At Grow Mail, we’ve sent millions of postcards on behalf of businesses throughout the country. And our data shows us that, somewhat counterintuitively, frequency is more important than reach.

So if we were to take the example above, it’d be more beneficial to send three mailings to the smaller list of 10,000 people.

Why is that?

Well, for starters, not everybody is going to see or even receive your first mailing. Maybe it got buried under all the other direct mailings your prospects get every day. Maybe whoever handles their mail throws it away before they can even get a look. Some of these people may turn out to be very interested in your product – but if you didn’t connect with them on that one mailing, you’ve lost them.

And even if they do see your postcard, and are interested, they soon get caught up in their busy lives and forget to follow up, sign up, purchase, or do whatever you asked them to do. And so, they need reminders.

Finally, consider the fact that prospects receiving your first mailing may need to see it multiple times before showing interest. According to a recent study by Google, people receive an average of 10 marketing messages before making a purchase decision.

And if you’ve been mailing them regularly, your brand will be on the top of their minds when they do decide to buy.

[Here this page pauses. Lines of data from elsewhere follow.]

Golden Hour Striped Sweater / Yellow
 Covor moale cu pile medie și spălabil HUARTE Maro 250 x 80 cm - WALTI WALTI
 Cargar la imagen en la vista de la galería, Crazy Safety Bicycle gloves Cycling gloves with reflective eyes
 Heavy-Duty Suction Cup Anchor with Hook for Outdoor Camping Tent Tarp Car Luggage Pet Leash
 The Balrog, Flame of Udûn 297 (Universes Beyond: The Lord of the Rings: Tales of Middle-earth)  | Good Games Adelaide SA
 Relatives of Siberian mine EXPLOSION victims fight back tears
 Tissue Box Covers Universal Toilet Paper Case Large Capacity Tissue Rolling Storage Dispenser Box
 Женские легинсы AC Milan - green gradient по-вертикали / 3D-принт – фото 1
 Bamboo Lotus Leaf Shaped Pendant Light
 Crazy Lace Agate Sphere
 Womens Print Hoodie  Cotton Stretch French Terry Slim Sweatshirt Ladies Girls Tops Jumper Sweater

The sole exception to this rule is for businesses with high purchasing frequencies – like restaurants, for example. They do benefit from frequency, but can powerfully leverage reach, based on proximity to the establishment.

Regardless of how you balance your reach and frequency, make sure you remember one thing:

Track, track, track your mailings!

Always track your postcard’s performance – both in terms of geography and in messaging/creative. In the age of the Internet, this has become very easy to do (with customized URLs and landing pages, for instance).

And it’s critical to growing your business.

By tracking performance, you can determine your cost of customer acquisition. If the cost is high, retire or modify your campaign. If the cost is low, keep it.

Then, once you go through a few iterations, you’ll find it much easier to profitably scale your business — provided you’re available and able actually to deliver your product or service, that is!